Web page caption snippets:
....................
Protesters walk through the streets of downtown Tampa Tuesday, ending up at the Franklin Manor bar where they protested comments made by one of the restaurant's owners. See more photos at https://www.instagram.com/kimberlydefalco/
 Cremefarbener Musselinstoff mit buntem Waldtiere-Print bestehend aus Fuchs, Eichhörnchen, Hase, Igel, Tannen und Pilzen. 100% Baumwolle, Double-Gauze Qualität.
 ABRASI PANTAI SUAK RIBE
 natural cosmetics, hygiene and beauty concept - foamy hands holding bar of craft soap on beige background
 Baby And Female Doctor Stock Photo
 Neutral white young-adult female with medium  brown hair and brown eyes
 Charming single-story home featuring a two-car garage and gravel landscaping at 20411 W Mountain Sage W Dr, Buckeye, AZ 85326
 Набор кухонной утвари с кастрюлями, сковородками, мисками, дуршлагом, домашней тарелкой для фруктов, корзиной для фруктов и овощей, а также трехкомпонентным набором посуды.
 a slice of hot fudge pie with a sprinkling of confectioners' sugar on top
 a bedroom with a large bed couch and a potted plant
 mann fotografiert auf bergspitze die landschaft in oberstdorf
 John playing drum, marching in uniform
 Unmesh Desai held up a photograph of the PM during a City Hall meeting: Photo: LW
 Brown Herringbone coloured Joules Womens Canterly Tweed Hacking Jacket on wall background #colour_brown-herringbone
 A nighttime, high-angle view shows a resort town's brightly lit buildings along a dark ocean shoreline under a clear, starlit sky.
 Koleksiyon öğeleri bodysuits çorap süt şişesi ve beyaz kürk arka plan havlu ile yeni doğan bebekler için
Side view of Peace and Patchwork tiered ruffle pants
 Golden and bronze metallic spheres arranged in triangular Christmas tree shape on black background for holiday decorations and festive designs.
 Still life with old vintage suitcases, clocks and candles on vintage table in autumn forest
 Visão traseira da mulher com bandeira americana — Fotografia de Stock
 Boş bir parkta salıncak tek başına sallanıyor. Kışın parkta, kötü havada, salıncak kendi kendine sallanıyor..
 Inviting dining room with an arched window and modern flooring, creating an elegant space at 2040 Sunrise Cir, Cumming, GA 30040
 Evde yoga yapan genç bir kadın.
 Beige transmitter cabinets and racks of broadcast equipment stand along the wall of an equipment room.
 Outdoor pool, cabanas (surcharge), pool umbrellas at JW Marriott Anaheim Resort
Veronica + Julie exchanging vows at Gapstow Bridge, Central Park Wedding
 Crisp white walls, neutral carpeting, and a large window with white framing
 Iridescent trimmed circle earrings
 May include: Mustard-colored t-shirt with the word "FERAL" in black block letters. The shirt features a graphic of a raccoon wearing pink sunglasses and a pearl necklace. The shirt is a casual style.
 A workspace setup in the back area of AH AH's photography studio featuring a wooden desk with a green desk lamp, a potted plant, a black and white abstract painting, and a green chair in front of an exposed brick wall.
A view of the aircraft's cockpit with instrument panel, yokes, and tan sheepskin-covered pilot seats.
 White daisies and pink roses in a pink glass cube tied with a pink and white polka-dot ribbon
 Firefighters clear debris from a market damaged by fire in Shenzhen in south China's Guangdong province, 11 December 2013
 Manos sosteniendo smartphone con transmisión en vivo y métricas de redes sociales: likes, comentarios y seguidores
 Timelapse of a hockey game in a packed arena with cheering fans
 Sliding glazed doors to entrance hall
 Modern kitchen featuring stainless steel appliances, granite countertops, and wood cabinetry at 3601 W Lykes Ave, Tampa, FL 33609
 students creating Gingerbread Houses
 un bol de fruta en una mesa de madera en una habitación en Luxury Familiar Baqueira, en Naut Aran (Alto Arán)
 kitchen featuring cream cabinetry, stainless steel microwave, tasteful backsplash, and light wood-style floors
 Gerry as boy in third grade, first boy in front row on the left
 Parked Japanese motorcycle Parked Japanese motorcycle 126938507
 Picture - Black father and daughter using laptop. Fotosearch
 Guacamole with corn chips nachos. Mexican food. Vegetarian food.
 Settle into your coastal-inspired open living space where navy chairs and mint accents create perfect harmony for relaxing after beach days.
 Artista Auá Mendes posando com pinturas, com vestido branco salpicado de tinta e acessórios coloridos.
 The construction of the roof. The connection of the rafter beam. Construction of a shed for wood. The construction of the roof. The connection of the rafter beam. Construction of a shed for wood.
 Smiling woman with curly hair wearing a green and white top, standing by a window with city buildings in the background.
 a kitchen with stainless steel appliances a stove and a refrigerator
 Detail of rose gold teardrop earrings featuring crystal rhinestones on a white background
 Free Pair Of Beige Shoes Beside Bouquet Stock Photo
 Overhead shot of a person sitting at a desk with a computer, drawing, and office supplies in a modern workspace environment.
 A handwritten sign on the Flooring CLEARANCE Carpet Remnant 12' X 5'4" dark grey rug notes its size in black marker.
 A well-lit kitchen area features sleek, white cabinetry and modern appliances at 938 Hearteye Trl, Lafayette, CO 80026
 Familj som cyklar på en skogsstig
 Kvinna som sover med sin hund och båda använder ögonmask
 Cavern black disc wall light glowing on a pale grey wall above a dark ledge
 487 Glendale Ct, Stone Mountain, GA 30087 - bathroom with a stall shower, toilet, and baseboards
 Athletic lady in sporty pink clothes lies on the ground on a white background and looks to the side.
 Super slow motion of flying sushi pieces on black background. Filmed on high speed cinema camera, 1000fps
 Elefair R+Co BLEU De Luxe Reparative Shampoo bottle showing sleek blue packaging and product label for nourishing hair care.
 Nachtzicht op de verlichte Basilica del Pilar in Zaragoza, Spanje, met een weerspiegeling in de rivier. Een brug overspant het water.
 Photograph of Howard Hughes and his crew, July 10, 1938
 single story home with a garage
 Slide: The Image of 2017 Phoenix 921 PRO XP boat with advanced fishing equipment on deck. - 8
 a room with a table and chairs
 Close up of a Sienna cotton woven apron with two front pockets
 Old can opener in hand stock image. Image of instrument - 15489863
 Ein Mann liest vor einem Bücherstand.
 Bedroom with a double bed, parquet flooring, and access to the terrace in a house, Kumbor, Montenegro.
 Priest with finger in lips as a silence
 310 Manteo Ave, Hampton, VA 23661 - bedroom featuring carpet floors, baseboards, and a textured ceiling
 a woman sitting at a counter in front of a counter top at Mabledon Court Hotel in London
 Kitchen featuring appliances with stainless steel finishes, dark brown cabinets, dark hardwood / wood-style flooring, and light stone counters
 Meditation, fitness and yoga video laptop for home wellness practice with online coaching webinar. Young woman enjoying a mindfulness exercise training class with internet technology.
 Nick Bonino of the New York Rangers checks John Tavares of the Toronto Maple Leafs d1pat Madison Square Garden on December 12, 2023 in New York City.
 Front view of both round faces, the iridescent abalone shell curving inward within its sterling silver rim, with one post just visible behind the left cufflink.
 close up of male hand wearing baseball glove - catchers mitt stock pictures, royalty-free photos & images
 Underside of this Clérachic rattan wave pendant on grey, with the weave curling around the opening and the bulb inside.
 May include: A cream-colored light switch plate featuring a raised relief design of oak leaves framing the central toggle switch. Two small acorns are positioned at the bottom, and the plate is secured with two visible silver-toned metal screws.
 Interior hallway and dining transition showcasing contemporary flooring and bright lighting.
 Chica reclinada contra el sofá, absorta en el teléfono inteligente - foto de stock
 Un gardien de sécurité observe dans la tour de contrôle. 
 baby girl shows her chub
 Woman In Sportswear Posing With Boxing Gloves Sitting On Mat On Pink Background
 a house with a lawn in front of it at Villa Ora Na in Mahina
....................
# YOUR TASK
Every line above that holds "chairs" should be copied out.

# EXERCISE ANSWER
 Settle into your coastal-inspired open living space where navy chairs and mint accents create perfect harmony for relaxing after beach days.
 a room with a table and chairs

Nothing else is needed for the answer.